En aquella visita, Chidananda oyó hablar a Tagore, por entonces con casi ochenta años de edad, sobre

La crisis de la civilización, en el templo de Shantiniketan. En aquella charla —muy famosa, publicada unos meses después de que la oyera Chidananda—, Tagore dijo que siempre había creído que «las fuentes de la civilización» brotarían del «corazón de Europa». Después, con la guerra y el cercano desastre, ya no hubiera podido mantener esa fe. Pero no podía perder su fe en el hombre; eso hubiera sido un pecado. Vivió con la esperanza de que el amanecer apareciese por Oriente, por «donde sale el sol», y que el salvador naciese «entre nosotros, en esta barraca humillada por la pobreza que es la India».

Fue el melancólico adiós al mundo de un anciano. Al cabo de cinco años terminó la guerra. Europa empezó a restablecerse; en la segunda mitad del siglo, Europa y Occidente serían más fuertes, más creativos y más influyentes que nunca. La catástrofe que Tagore no previo fue la catástrofe que recaería sobre Calcuta.

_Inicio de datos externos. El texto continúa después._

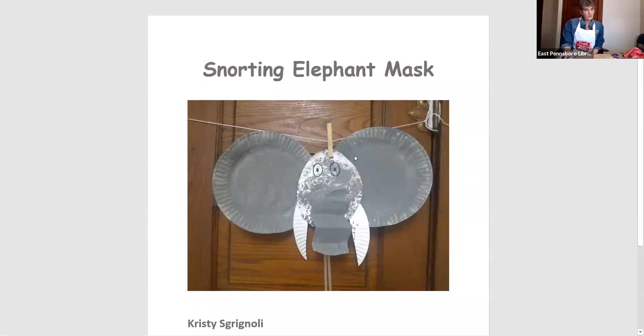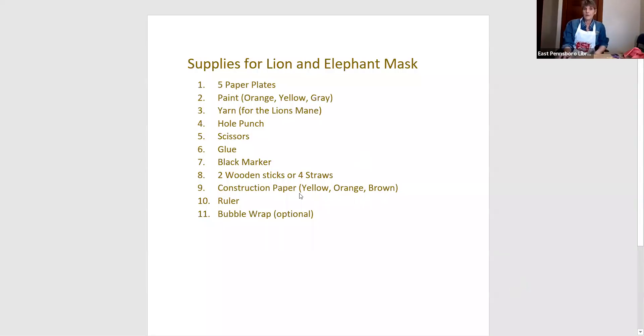Ours is going to look just a little bit different than that. Let's get to the supplies and what you're going to need to make both masks. You're going to need five paper plates — four of them are going to be for the elephant, and one of them is going to be for the lion.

Las matanzas hindomusulmanas ocurrieron en 1946. Señalaron el principio del fin de la ciudad. Al año siguiente, la India era independiente, pero estaba fraccionada. Bengala se dividió. Llegó una nutrida población de refugiados hindúes que acampó en Calcuta; y Calcuta, sin una centésima parte de la elasticidad de Europa, nunca llegó a recuperarse de verdad. En el futuro aguardaban ciertas cosas importantes —sobre todo el cine de Satyajit Ray—, pero había concluido la gran época de la ciudad, la vida intelectual. Y podía parecer que la ciudad de construcción británica —aún con su fantasmal grandeza nocturna— empezó a morir cuando se marcharon los británicos.